Sheffield Green Party response to the public consultation on Sex Establishment Policy:Sexual Entertainment Venues, Sex Shops and Sex Cinemas.
As a Green Party councillor for City Ward, I welcome the opportunity to comment on this draft policy.
Sheffield prides itself on being a city that encourages equality, including greater equality between women and men – witness the Women of Steel campaign. Sheffield Green Party believes the Council’s policy on sex establishments should make a practical difference towards the general aim of improved equality.
My colleague, Cllr Rob Murphy, and I supported many groups and individuals opposed to the ‘Villa Mercedes’ lap-dancing club in the Cultural Industries Quarter. I am pleased that our efforts led to the application being withdrawn, avoiding the negative effect it would have had on local residents, businesses, not-for-profit and charitable organisations, schools, colleges and students and on women engaged to work in the proposed venue.
That application showed a need for the Council to improve its policy position and we therefore welcome the proposal to introduce a maximum number policy.
We do not see any additional need to regulate the overall number of to ‘sex cinemas’ or ‘sex shops.’ There are currently no ‘sex cinemas’ in Sheffield and the licensed shops do not seem to cause such a problem as to require a change of policy. However, I accept that clustering of ‘sex shops’ might affect the local community. I therefore agree that the limit of one per ward achieves a suitable balance.
Sexual entertainment venues
The position of ‘sexual entertainment venues’ (SEVs) is different, however, because the ‘product’ being sold is human, not material.
Many respondents in the Villa Mercedes case said they would not want to live or work close to a SEV. In my view, SEVs should not be located close to residential areas, nor shopping centres. Nor should they operate in areas where they could affect other businesses.
The evidence from local businesses in connection with the Villa Mercedes application described the adverse impact on jobs and enterprise. Of particular concern was the impact on women, both as employees and as customers of existing and new businesses The application also showed that SEVs create relatively few jobs themselves.
Equality Act considerations
Whatever is said about ‘dancers’ freely choosing to work in SEVs, the fact remains that there is a clear gender difference between the paying customers, who are predominantly male, and the women engaged as ‘dancers’. Furthermore, the practice of requiring dancers to be self-employed places them in a much worse position than the predominantly male staff who enjoy full employment rights.
The public sector equality duty (PSED) in section 149 of the Equality Act 2010 is therefore clearly engaged. The council must comply with its legal obligations and it can best do so by better controlling future applications for SEVs.
I disagree with the statement in the draft policy that “it is not considered likely that the equalities obligations are at risk as there is no perceivable risk of unequal access to the service between different equalities groups.” In addition to the duty described at Part 7 of the draft policy, there is also a duty to have due regard to the need to eliminate sexual harassment, which I believe should be expressly referred to in a revised policy. The policy should also refer to the legal duty to remove or minimise disadvantages facing women.

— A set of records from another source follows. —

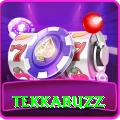 tekkabuzz Plus Pro v2.4.2
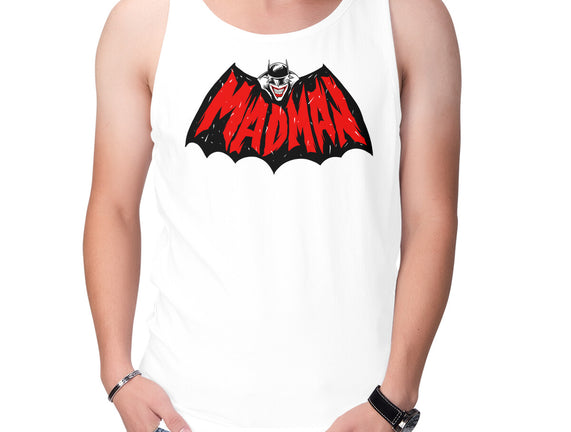 Madman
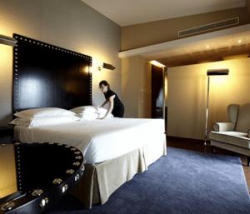 ���� ����� CS Vintage Lisboa 5*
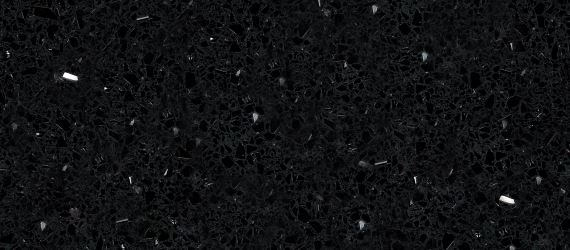 Starlight Black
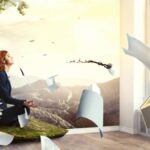 From Farm to Table: How to Incorporate Lyposingrass into Your Diet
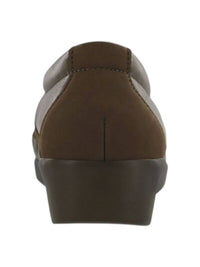 Sas - Women's Dream Slip On Loafers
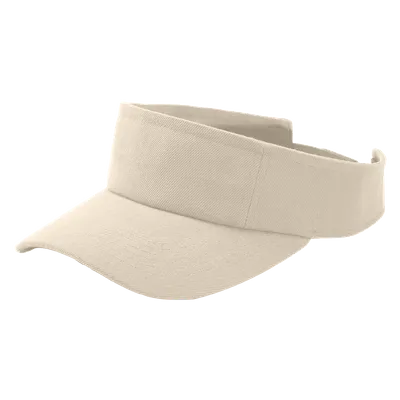 Cream - Custom Flying Discs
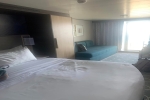Spacious Balcony Stateroom Picture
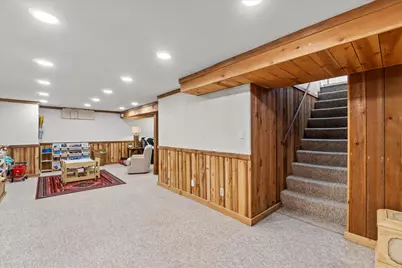 110  Highland Dr, Grafton, WI 53024 - Photo 27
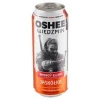 Napój Energet Oshee Mango-Chilli Wiedźmin 500 Ml Pusz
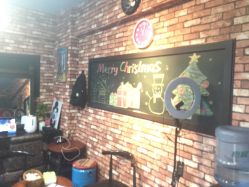 点击看大图 -HD HAIR STYLE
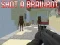 Oyunu Shot a Brainrot çevrimiçi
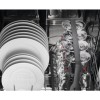 AEG A9SZGB01 dishwasher glass basket AEG A9SZGB01 dishwasher glass basket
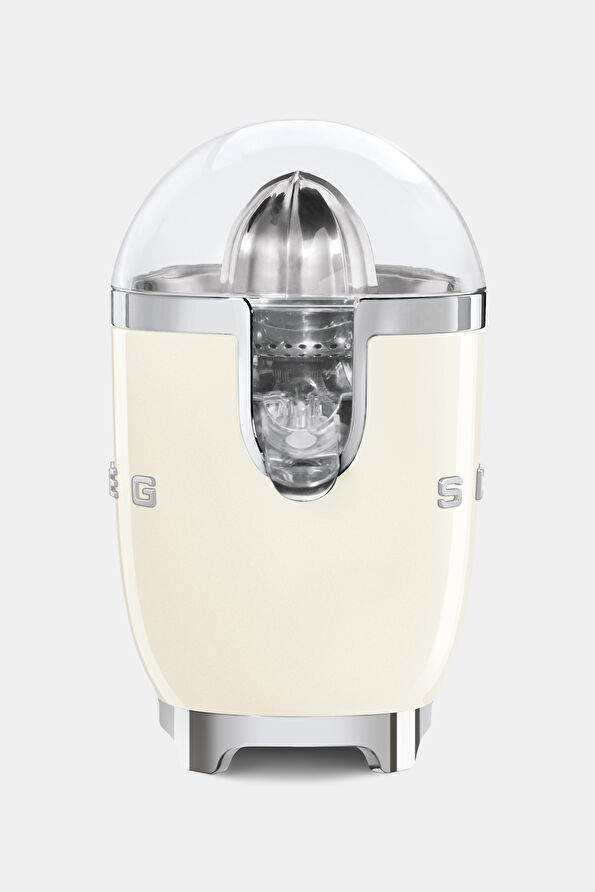 Vakkorama2 Vakkorama2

As there are already 2 licensed SEVs in Sheffield, the effect of a policy of a maximum of 2 SEVs is that no new applications would be expected to be granted. In my view this is a realistic policy for the council to adopt in the present situation. A higher number would be unlikely to address the issues described above and a lower number would be a policy at odds with reality.
In the event that one of these two licenses ceases, it would then be appropriate to review this policy further and to consider whether it would be appropriate to reduce the number again
A maximum-number policy does not absolutely prohibit an SEV licence but it does create the presumption that a licence will be refused. It is open to an applicant to show why a licence should be granted, despite the policy. It would therefore be helpful for the revised policy to state explicitly that the PSED described above will be applied to any individual application as well as to the framing of this policy.
It is not clear why a Disclosure Scotland Certificate is required instead of a standard DBS check, given that the city is not in Scotland. If the assumption that a Disclosure Scotland Certificate is easier to obtain, that does not equate with the need to have proper checks on people who would be running such establishments.
In order to protect both dancers and customers, the standard conditions at Appendix A should include a term to the effect that “No person may provide relevant entertainment at the premises unless employed directly by the license holder under a written contract of employment.”
I trust these views are of assistance and will be taken into account in framing the policy.